> [Task to carry out] Output exactly the lines from the one containing "São Paulo Imagem" through the final line of the entries below, both included, and skip the pictures.

[Captioned web image data]
⁂

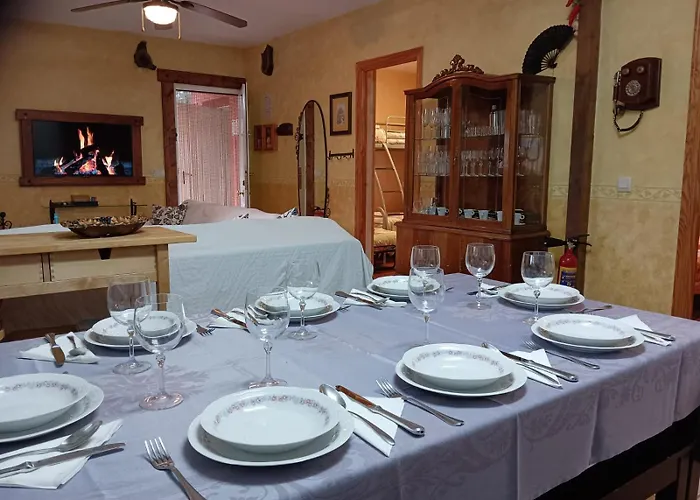 La Casita Roja 빌라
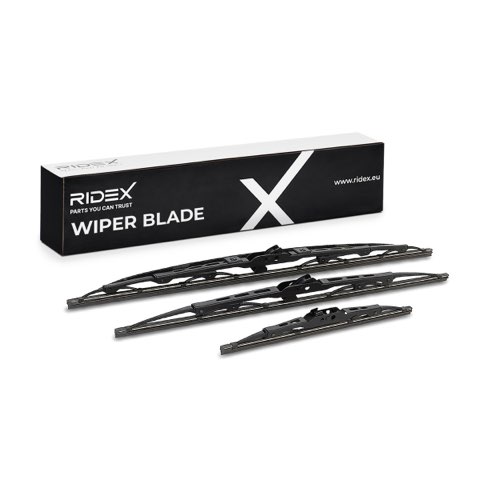 Ridex 298W17072 Wiper Blade — 280/530/475mm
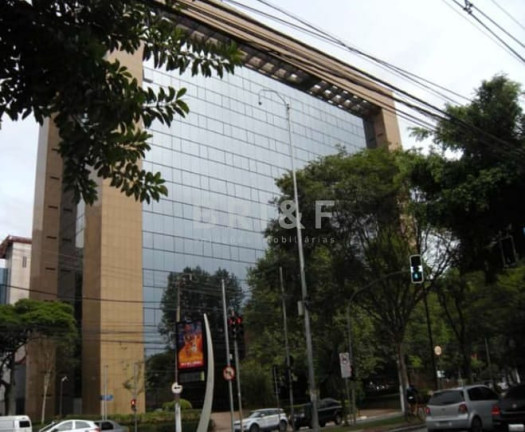 Imagem Edifício Residencial para Alugar, 442 m² em Cidade Monções - São Paulo Imagem Edifício Residencial para Alugar, 442 m² em Cidade Monções - São Paulo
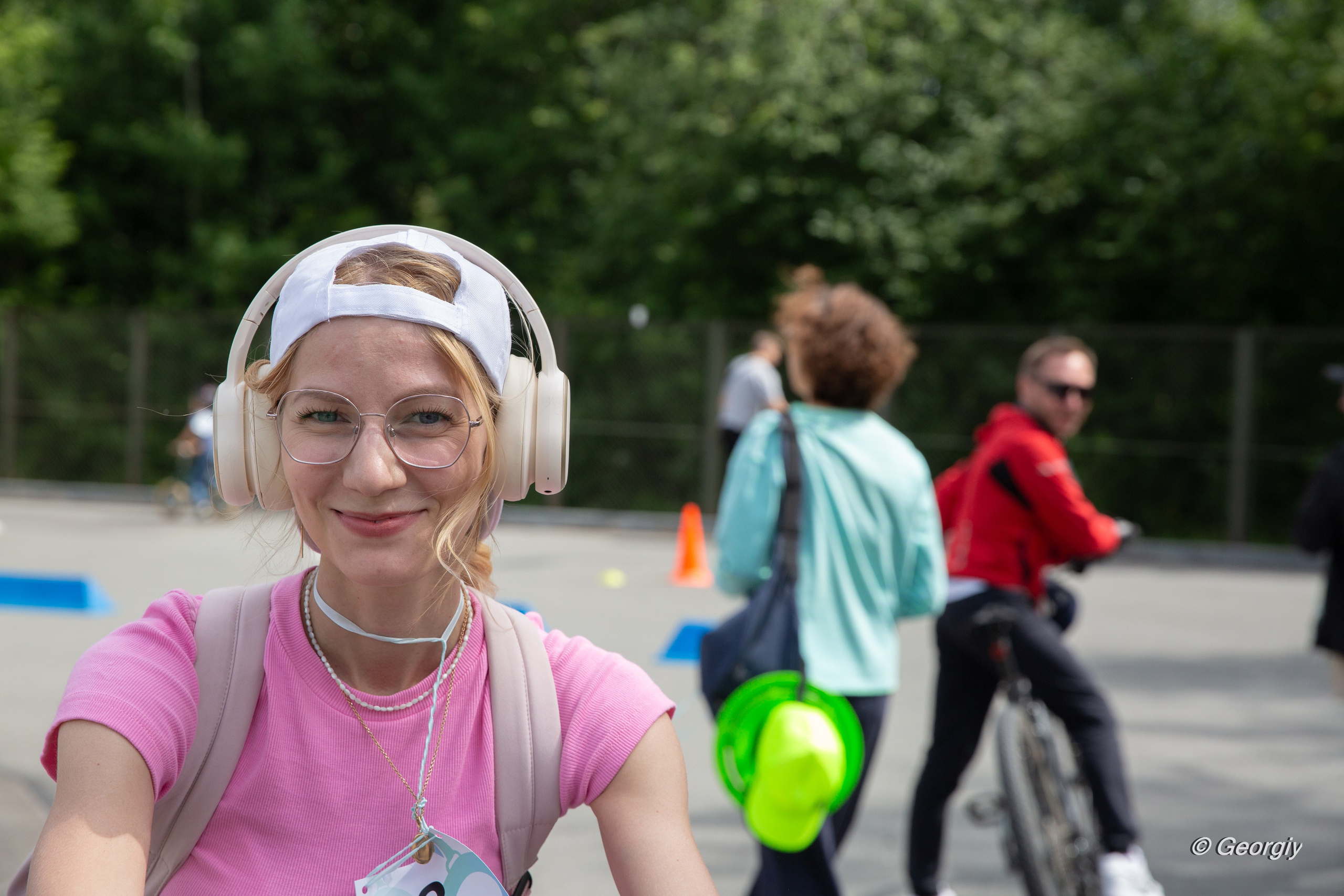 28.06.2025 г. Велофестиваль. Мой фотомир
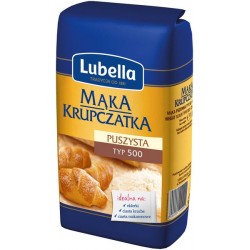 LUBELLA Mąka krupczatka...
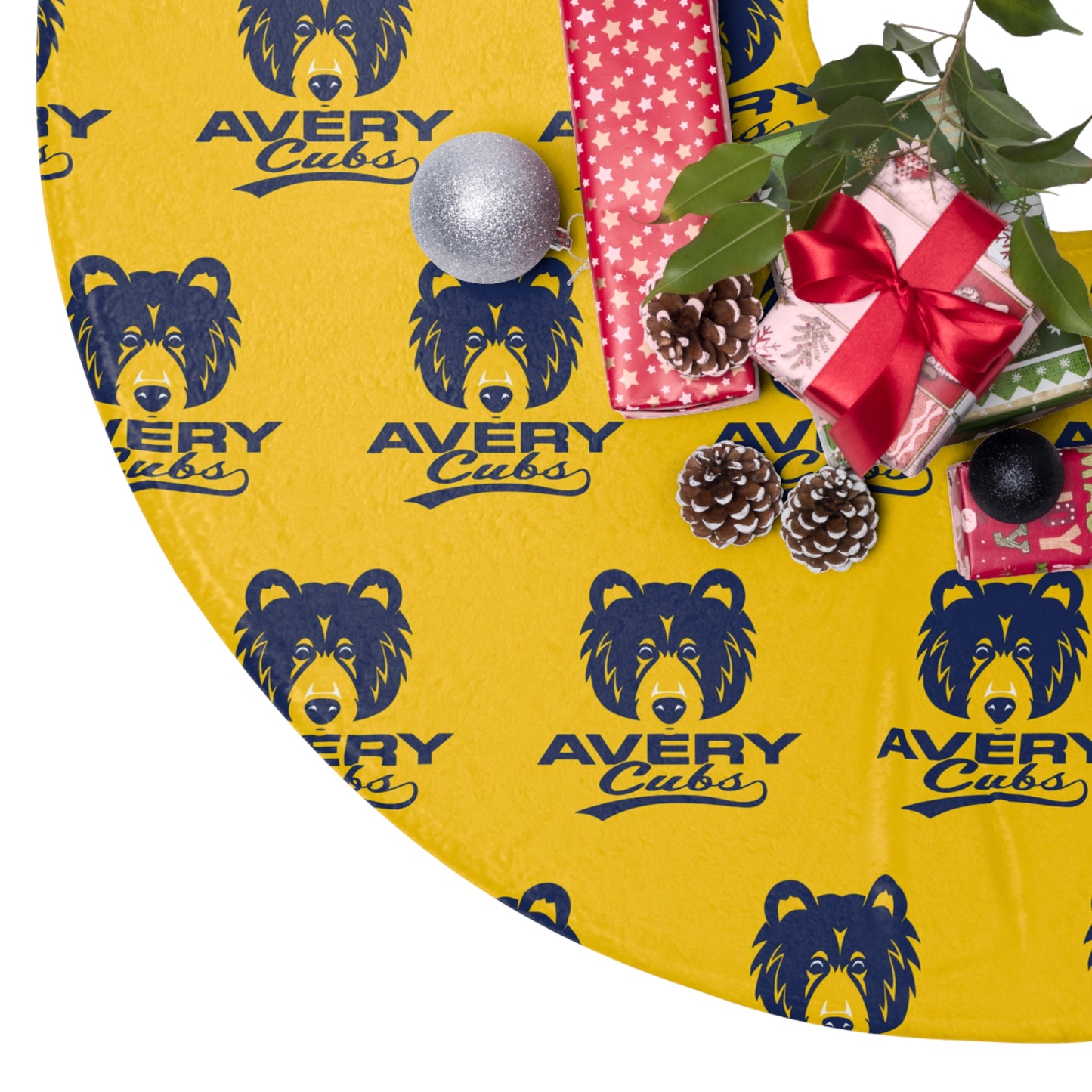 Christmas Tree Skirts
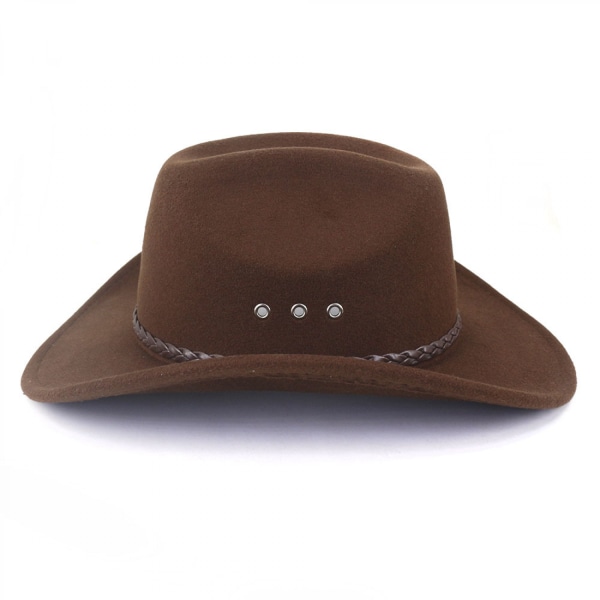 #Cowboyhatt kvinnor män westernhatt bred brätterem#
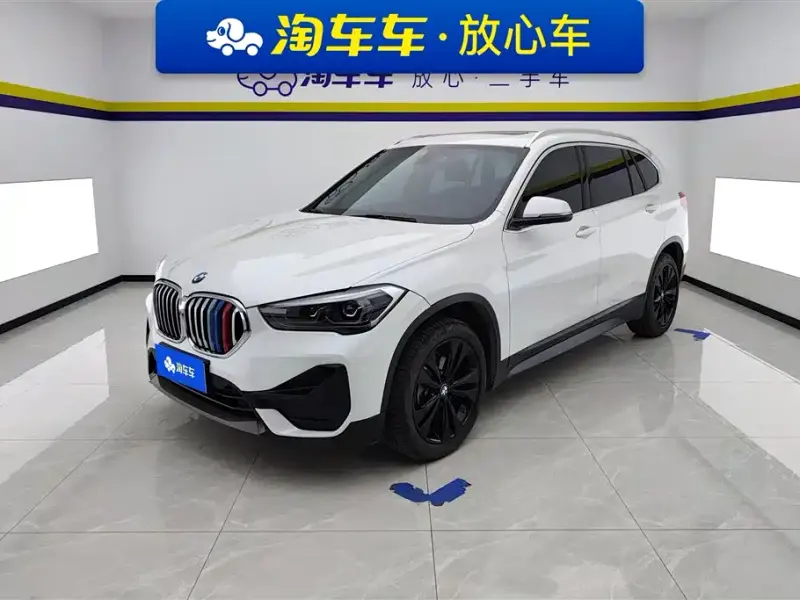 BMW X1, 2021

⁂

> [Task output]
 Imagem Edifício Residencial para Alugar, 442 m² em Cidade Monções - São Paulo Imagem Edifício Residencial para Alugar, 442 m² em Cidade Monções - São Paulo
 28.06.2025 г. Велофестиваль. Мой фотомир
 LUBELLA Mąka krupczatka...
 Christmas Tree Skirts
 #Cowboyhatt kvinnor män westernhatt bred brätterem#
 BMW X1, 2021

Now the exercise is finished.